Thanks to opportunistic reuse, I have now an elegant and concise solution (bonus: it’s certainly better in terms of performance and testing maturity). For me, it’s a lesson learned: think deeply before not considering (opportunistic) reuse. Retrospectively it is now obvious.

Tweetification of the solution

Now we are here, why not going further and produce an even more concise solution? The first motivation is that opportunistic reuse has already drastically reduced the amount of code, but we can do better! Secondly, chess has some nice stories with short programs (e.g., chess engine with only 760 characters C or that can work with only a few bytes in memory)… and I like the art of obfuscation! Thirdly, I am a big fan of incredible piece of art generated out of programs that fit in a tweet (examples: e1 e2 e3); here the library Processing plays the role of python-chess and provides the facilities.

Minification or obfuscation is well-known in programming, but here it’s a bit different: you cannot fully automate the size code reduction, you need to find some tricks to simplify your code and produce the essence of it. You can also play with the specificities of programming language (here Python) to write concise code (I’ve learned many things about Python by doing this exercise).

Here is the final solution:

import chess as c,random as r
w=True
pk=[5,5,5,5,3]
while(w):
    s=[r.randrange(0,64) for i in range(0,5)]
    b=c.Board(fen=None)
    for q in range(0,5):b.set_piece_at(s[q],c.Piece(pk[q],w))
    if len(set()|(*[list(b.attacks(s[q]))for q in range(0,5)],s))>63:break

I can briefly comment:

• some shortcuts for import in such a way you can use only one letter then in the code
• >63 takes less characters than ==64
• w=True sounds weird (True is soooo fundamental, why using a variable?) but is only 6 characters… the reason is that True is used two times: in the loop and for setting the color (the library has not default color for piece, which is something I understand but not here ;)).

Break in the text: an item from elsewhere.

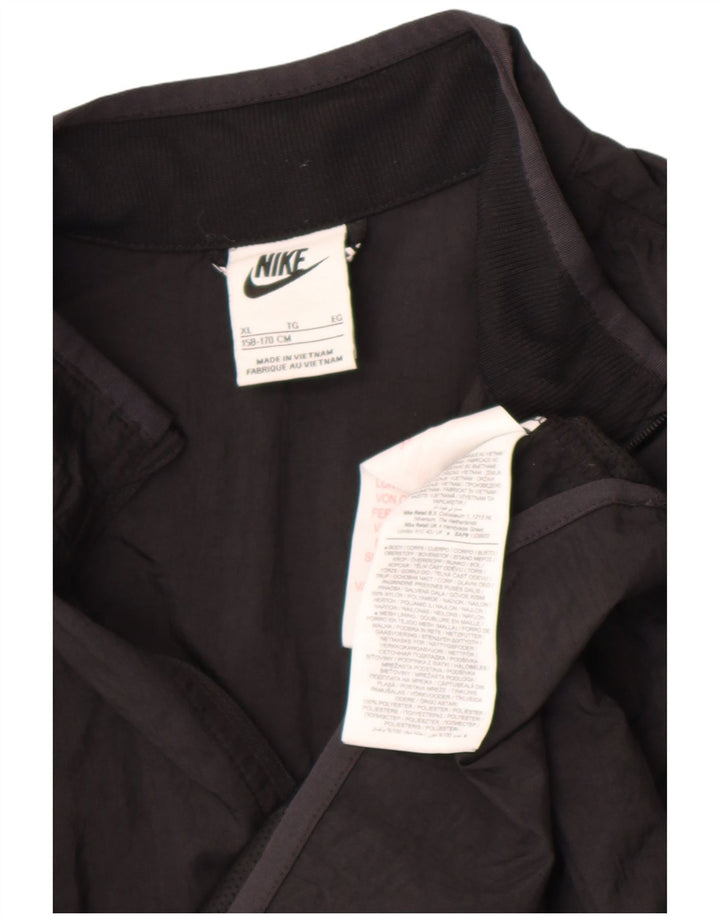 Nike Boys Graphic Pullover Tracksuit Top Jacket 13-14 Years XL Black Nylon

So it will cost eight characters… Mine uses 6+2=8. Same, so it’s okay ;-)
• for the generation of combinations, I’m using a random strategy since it’s shorter in number of characters… and it might be the case that this strategy is faster to find one solution
• the hack I’m the most proud is the use of an array (see pk), each representing a kind of piece (5 is for queen, 3 is for bishop)… it allows to call set_piece_at one time, thus drastically saving some characters (btw you can find older versions of my attempt in a notebook or on Twitter). This kind of trick can hardly be find by a machine (I would be very surprised) and, above all, it’s in fact a way to generalize my solution: I have created an abstraction that allows one to easily modify the kind of piece we want to place

Generalization and beyond chess puzzles

I have generalized my solution to resolve other (who says any?) chess puzzles:

• placing 3 queens in a 6x6 board in such a way all squares are controlled (you have to hack a bit to manage a 6x6 board, since the library only manages 8x8 board)
• kings that respect social distancing
• or the famous n-queens problem.

Again with opportunistic reuse and in a way the program fits in a tweet ;)

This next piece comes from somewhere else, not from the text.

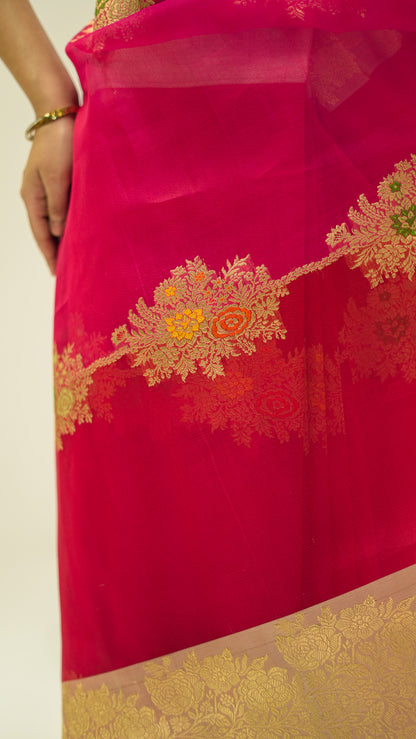 Sunset Raga Kora Silk Saree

There are so many ideas to explore: the use of constraint programming, genetic algorithms, etc. If you’re interested, you can explore online the notebook and programs. I highly recommend the notebook of Luc Lesoil who nicely resolves the first chess puzzle in a different and elegant way (eg with numpy and matplotlib to visualize the solution).

Maybe the easiest is to watch my talk Towards programming puzzle spaces available on Youtube, given at the famous DiverSE coffees. In addition to what I’ve written in this blog post, I’m also developing and discussing the idea of generating interesting and enough hard puzzles (not necessary chess ones, see examples). I’m basically arguing that whenever you see a puzzle, launch your notebook, resolve, tweetify, generalize, generate, and move to another puzzle space!